Why in the world aren't the power supplies for tube filaments rectified to D.C.? Wouldn't it make things a heck a lot quieter, instead of that noisy, unfilterd A.C. floating all over the amp?
Is there some basic tube knowledge I'm missing here?
Noth
Probably.
DC filtered heater supplies may make sense for the first couple of preamp stages. Then it becomes a cost vs benefit situation.
Applying a positive voltage to an AC supply will reduce the noise over strict DC operation. Tightly twisting the AC heater leads will further help reduce noise.
But the bottom line - an AC heater supply adds very little noise. Carbon composition resistors add much more hiss than AC heaters add hum.
Uh-huh...interesting.
Speaking of carbon comp. resistors, do they make the amp hiss that bad? And can you describe what they do for the tone?
Thx,
Noth
Yes they do make the amp hiss like crazy. No they do nothing for "tone" unless you like a hissy amp.
They are by far the cheapest resistors ever made. That's why they were used in vintage amps - for their cheapness, not their tone. Remember, vintage amp makers didn't make their amps the way they did because they knew they would wind up to be vintage amps.
Oh yes, boutique amp makers use them also - due to the hype they have generated about them.
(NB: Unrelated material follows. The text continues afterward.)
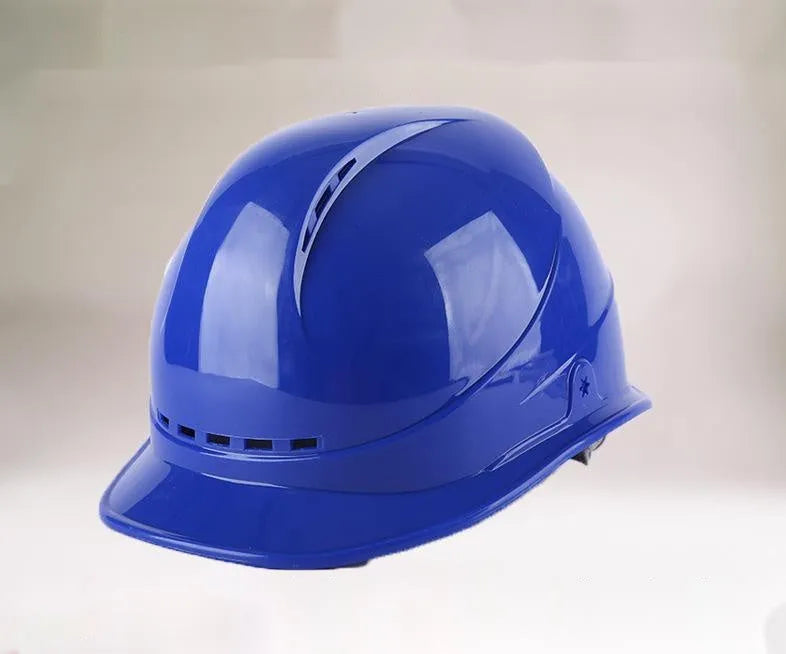 Construction safety helmet in red with adjustable rear hoop and vent holes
Only now they can charge you more for putting them into amps than they ever could in the past.
haha - you can't build a full tube amp and ruin it's status by
adding a ss-rectifier for dc filaments
additionally most musicians prefer musical amps, not hifi-like amps
Saw some photos of the inside of a Champion 600 with a twisted pair of green wires in the air apparently running from the power tube to the preamp tube... heaters maybe?
Not the photos I saw, but thanks for confirming my suspicion. Someone on 18Watt.com took detailed gut-shots.
Off topic: I'm still puzzling over the electrolytic cap in the near, left corner of the board. Could it be a distributed power supply? (only explanation I can come up with short of seeing a layout)
Chip
That electrolytic in the near corner is most likely the output tube cathode-bias bypass cap. Yes, that twisted pair would be for heaters. You can't run an AC heater supply on a PC board, 'cuz you can't twist the traces.
Not sure if I'm misunderstanding you but the preamp tube sits under that electrolytic.
Doesn't matter - there are two tube sockets, and they each have one of those electrolytics in their vicinity. Gotta be cathode bias caps.